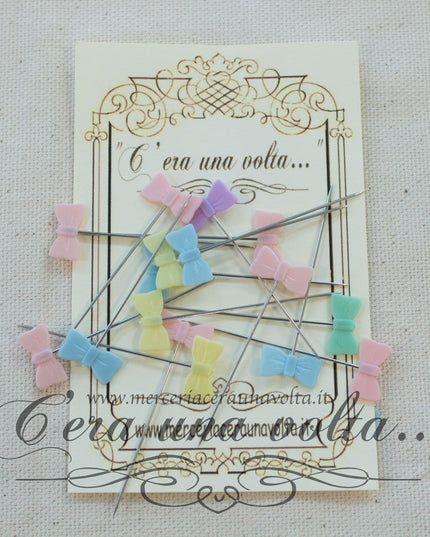 Spilli decorati in acciaio fiocco
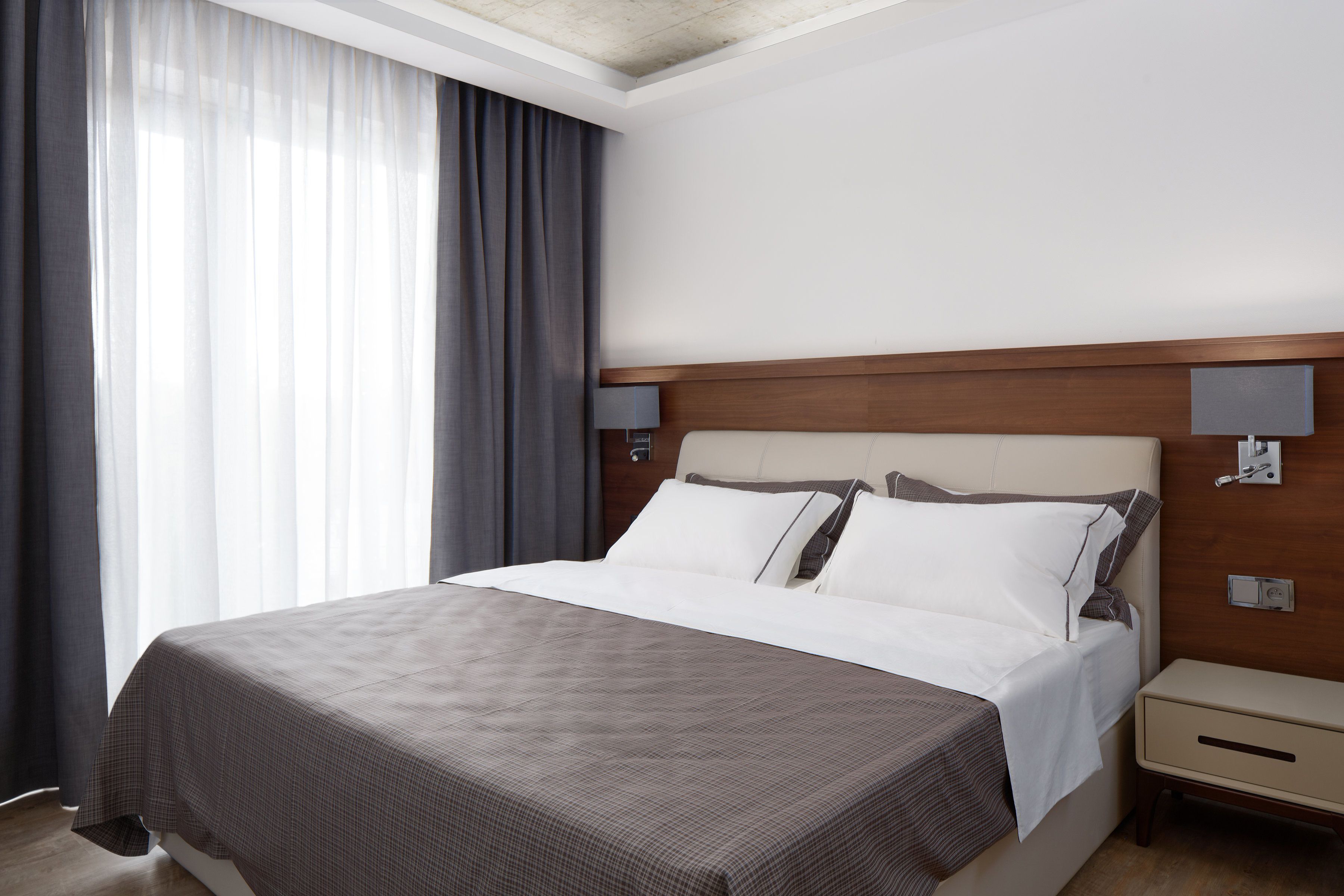 A hotel room with a large bed, a wooden headboard, a bedside table, and a nightstand.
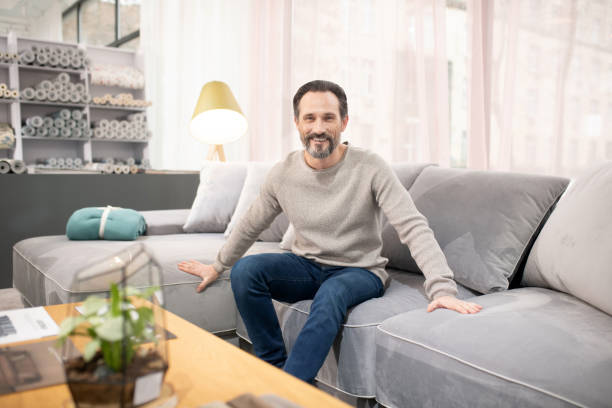istock Man in light sweater and jeans feeling good 1194922534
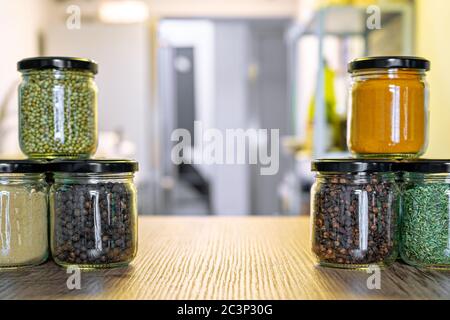 https://l450v.alamy.com/450v/2c3p30g/assorted-spices-and-herbs-in-glass-jars-for-cooking-indian-spices-multi-colored-2c3p30g.jpg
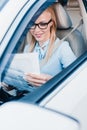 smiling businesswoman reading newspaper Royalty Free Stock Photo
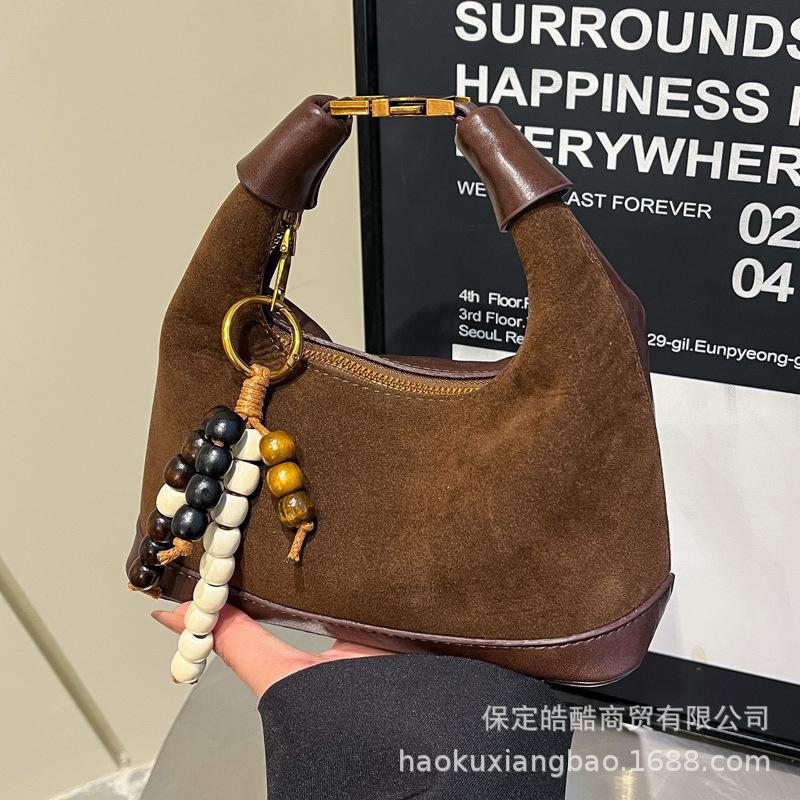 Premium sense niche bag women's autumn and winter 2025 new matte retro messenger bag casual explosion portable dumpling bag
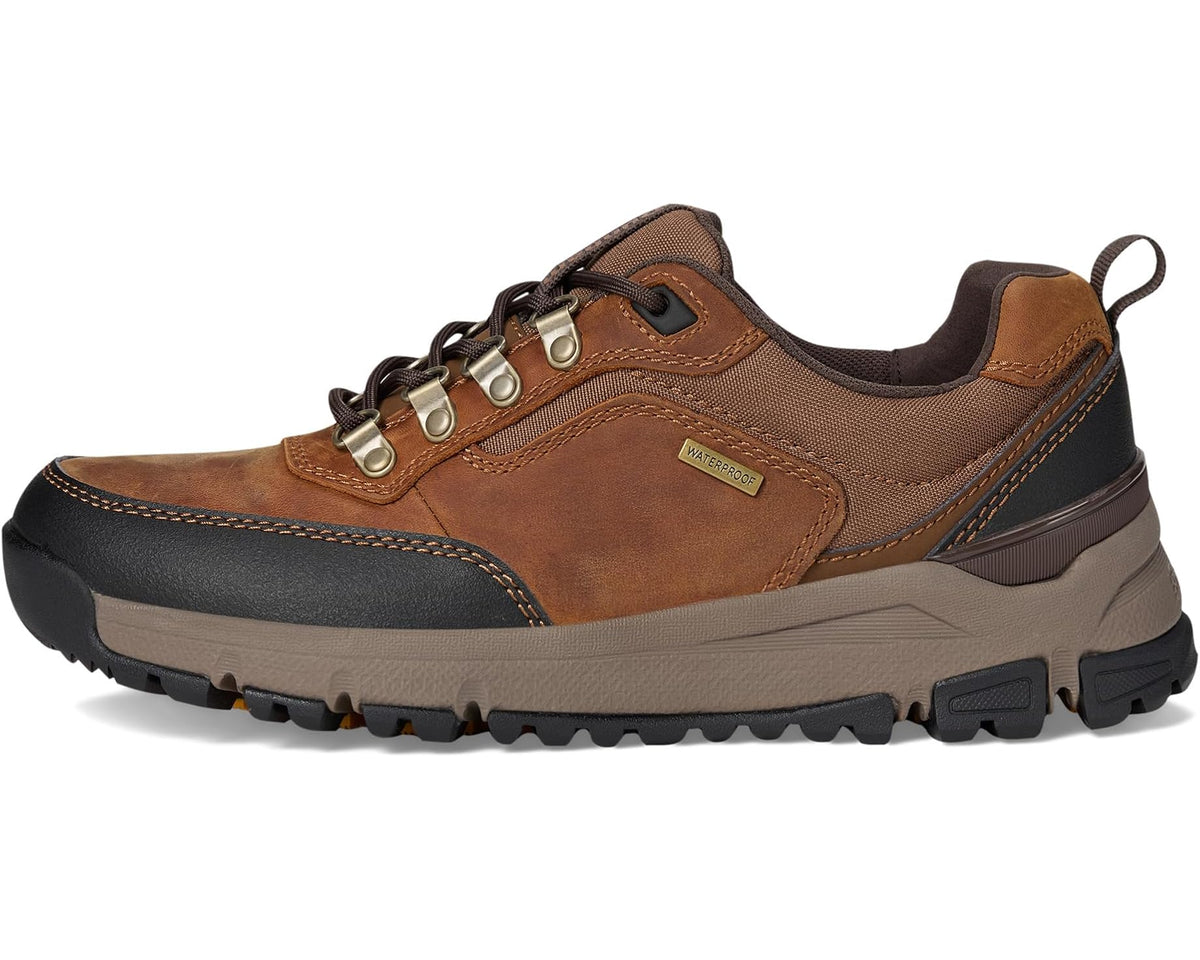 Brown lace-up boot with padded collar, stitched details, and rubber grip sole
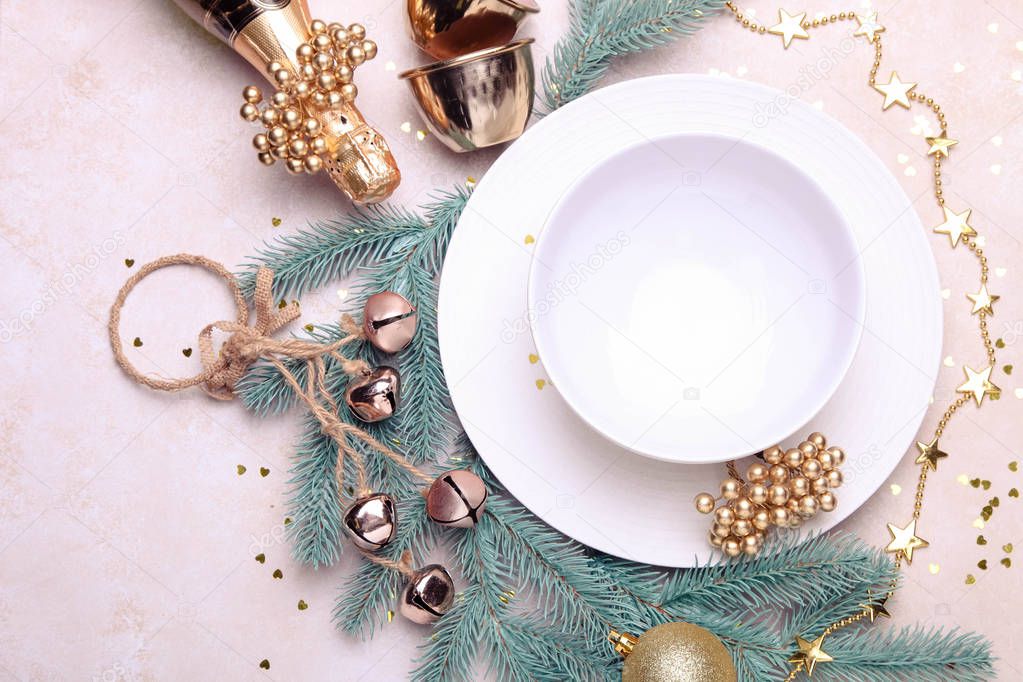 Ceramic dishes with golden Christmas decor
● ● ● ● ● ● ●
### Work request
In the transcription, every picture is to be excluded and the records above given again exactly.

### Task result
 Spilli decorati in acciaio fiocco
 A hotel room with a large bed, a wooden headboard, a bedside table, and a nightstand.
istock Man in light sweater and jeans feeling good 1194922534
 https://l450v.alamy.com/450v/2c3p30g/assorted-spices-and-herbs-in-glass-jars-for-cooking-indian-spices-multi-colored-2c3p30g.jpg
 smiling businesswoman reading newspaper Royalty Free Stock Photo
 Premium sense niche bag women's autumn and winter 2025 new matte retro messenger bag casual explosion portable dumpling bag
 Brown lace-up boot with padded collar, stitched details, and rubber grip sole
 Ceramic dishes with golden Christmas decor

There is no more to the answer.